Life Itself: Exploring the Realm of the Living Cell
by Boyce Rensberger
A fascinating look at the mind-boggling complexity of cells - miniscule factories seemingly totally controlled by and communicating with each other through the interaction of amazing molecular machines.
Even more mind-boggling is the author's blind faith that this arose through chance and evolution, thus such intellectually and scientifically vacuous statements like, "evolution solved this problem by" ... useless sops to fundamentalist Darwinism, and totally useless scientifically. Nowhere are such statements elaborated upon; the existence of the first cell is assumed, thereby glossing over one of the greatest frustrations in current biology. He sprinkles such religious statements liberally throughout, instead of questioning, as Behe did in "Darwin's Black Box." However, his accounts of the scientific details of the cell are fairly clear and fascinating, with some neatly done illustrations; and so this book becomes, unwittingly, a perfect companion to Behe's "Darwin's Black Box."

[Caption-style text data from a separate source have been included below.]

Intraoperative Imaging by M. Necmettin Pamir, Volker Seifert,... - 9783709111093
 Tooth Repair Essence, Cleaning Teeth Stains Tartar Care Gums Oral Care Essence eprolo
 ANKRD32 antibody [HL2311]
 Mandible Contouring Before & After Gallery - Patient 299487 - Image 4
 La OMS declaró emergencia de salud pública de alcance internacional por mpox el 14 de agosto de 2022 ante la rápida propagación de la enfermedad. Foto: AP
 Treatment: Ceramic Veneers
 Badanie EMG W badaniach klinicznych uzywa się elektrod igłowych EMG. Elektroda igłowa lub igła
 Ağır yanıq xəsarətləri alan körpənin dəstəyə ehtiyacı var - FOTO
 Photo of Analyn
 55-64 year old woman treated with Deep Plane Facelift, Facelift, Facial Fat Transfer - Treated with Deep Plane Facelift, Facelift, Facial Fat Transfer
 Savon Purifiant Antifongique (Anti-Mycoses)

His scientific rigorousness is spotty - but not unusual for an evolutionist. In keeping with outdated evolutionist "science", he presents Haeckel's now-discredited, faked embryo drawings as proof of evolution ('Embryonic fraud lives on', New Scientist 155(2098):23, September 6, 1997).
But the further one reads, the more the skeptical mind is inclined to question, "How," "When," and "Why". For example, he describes the intracellular transportation network early on. This leads us to question, when reading that this molecule or that vesicle has to move from here to there, just how does it do this, what means of locomotion does it employ, and how is this orchestrated purely in terms of proteins and such? He does a generally good job of anticipating these questions, although each answer adds to the implausibility of the system developing by chance. But the more interesting question, "How did these systems originate?" is glossed over with "It evolved."
Elsewhere, he says that the processes of life are "no more mysterious, though often far more complex and wondrous, than the crystallization of water molecules into snowflakes. ... their formation is obviously no miracle." A strangely scientifically naive view (but not uncommon among fundamentalist Darwinists), he has ironically missed the point of his own book.He does not realize that his very own descriptions of the workings of the cell, to the open, skeptical mind, most certainly do point to a miracle.